Following many years of rapid growth, the out of town retail warehouse sector suffered a down-

town at the end of the 1980s. By the mid 1990s it had recovered, and this led to another long

period of growth in the sector. However, the long-expected polarisation of out-of-town retail by

planning use is now finally occurring, as the bulky goods sector reaches a level of maturity not yet

matched by the Open Class 1/A1 sector.

According to the Colliers CRE out-of-town retail warehouse database, average rents across the

sector are significantly lower than stated in the national press, and the bulky goods sector is in

fact struggling as consumers appear to be avoiding big-ticket and long-term purchase plans. A

downturn in sales and pressure on margins are causing many retailers to revaluate the rents they

can afford to pay and, in some instances, retailers are becoming part of the supply chain. The

historic imbalance between supply and demand, which has caused the rapid rental growth of the

past, will be eroded in the majority of instances, resulting in something closer to equilibrium.

In addition, artificial restraints are being imposed on the market in the form of new legislation both

in England, Wales and Scotland, restricting the ability to install mezzanine accommodation. This

new piece of legislation will enhance the polarisation between those that already have a

mezzanine and those that don’t, due to the fact that space with mezzanine accommodation in situ

will be in greater demand than space without it.

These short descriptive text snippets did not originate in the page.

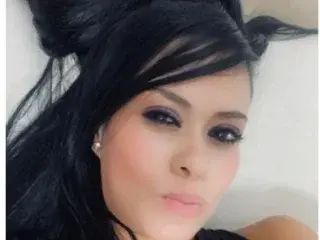 Streamate Adult Webcams of SelenaRougee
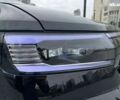 БІД Leopard 8, об'ємом двигуна 2.45 л та пробігом 1 тис. км за 81900 $, фото 9 на Automoto.ua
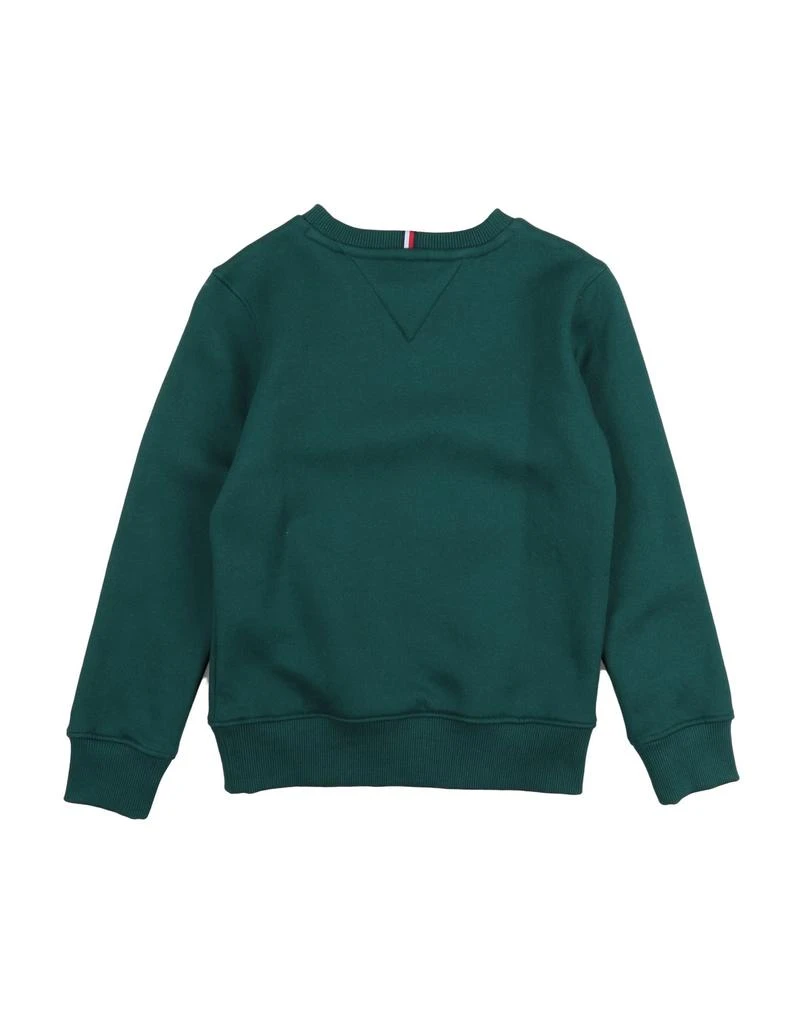 商品Tommy Hilfiger|Sweatshirt,价格¥551,第2张图片详细描述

Mezzanines have long been used by retailers to

enlarge both sales and storage at no ongoing occupational cost. As a result, the ability to pay rent

will be reduced, as ultimately, the total sales area per store will fall.

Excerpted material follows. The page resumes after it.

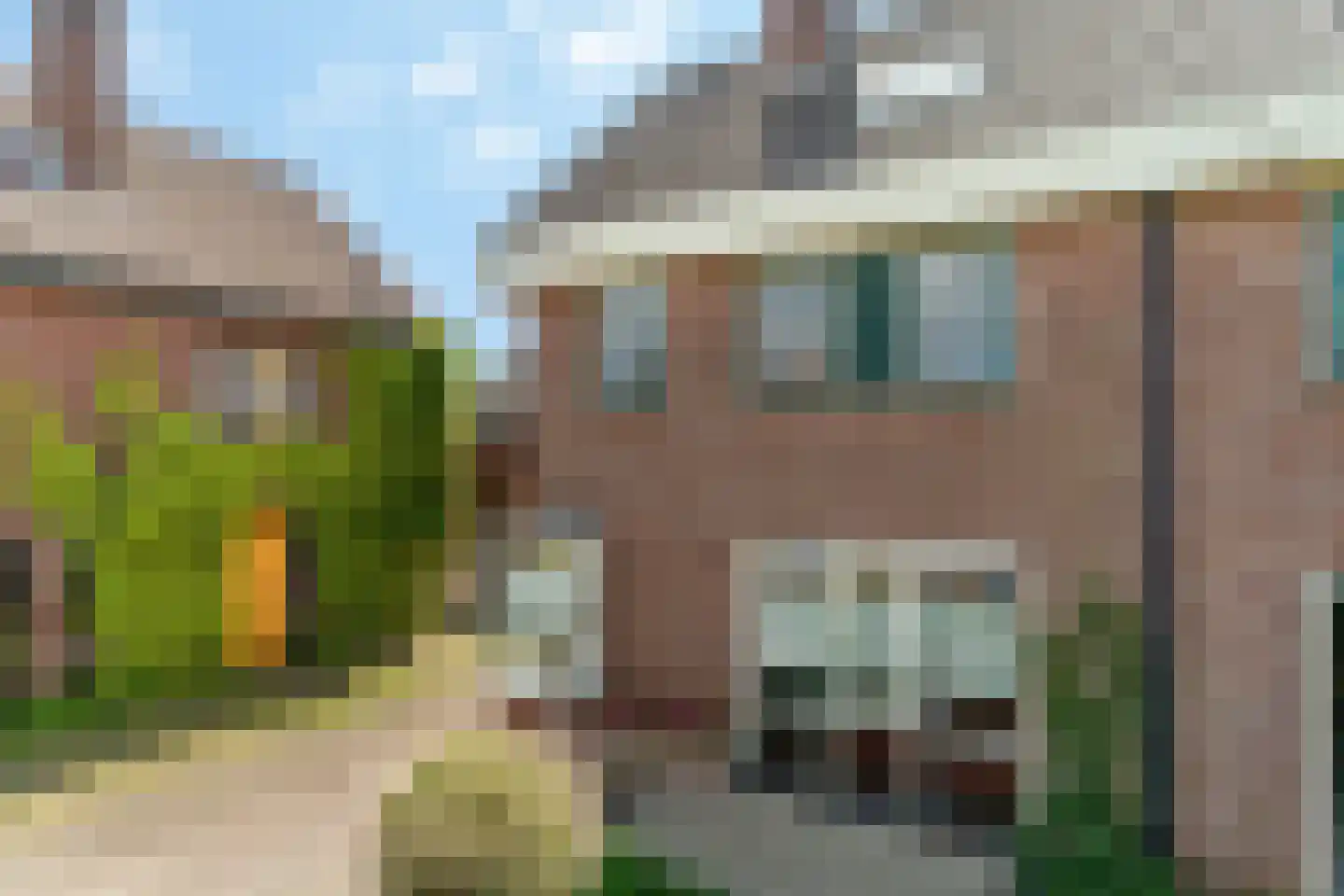 Essenakker 9 Oosterwolde Gld thumbnail 7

Both Open Class 1/A1 and bulky good retailers utilise mezzanine floors, including Homebase,

Comet, ScS, Next, TK Maxx and Sports Soccer. Therefore, since obtaining consent for

mezzanines will be more difficult, particularly for Open A1 units, many retailers will not be able to

pay the same levels of rent as previously offered. However, despite this, in the Open Class1

sector, demand for the best schemes remains strong and it is likely that rent inflation will continue

as ultimately retail warehousing remains cheap when compared to the high street.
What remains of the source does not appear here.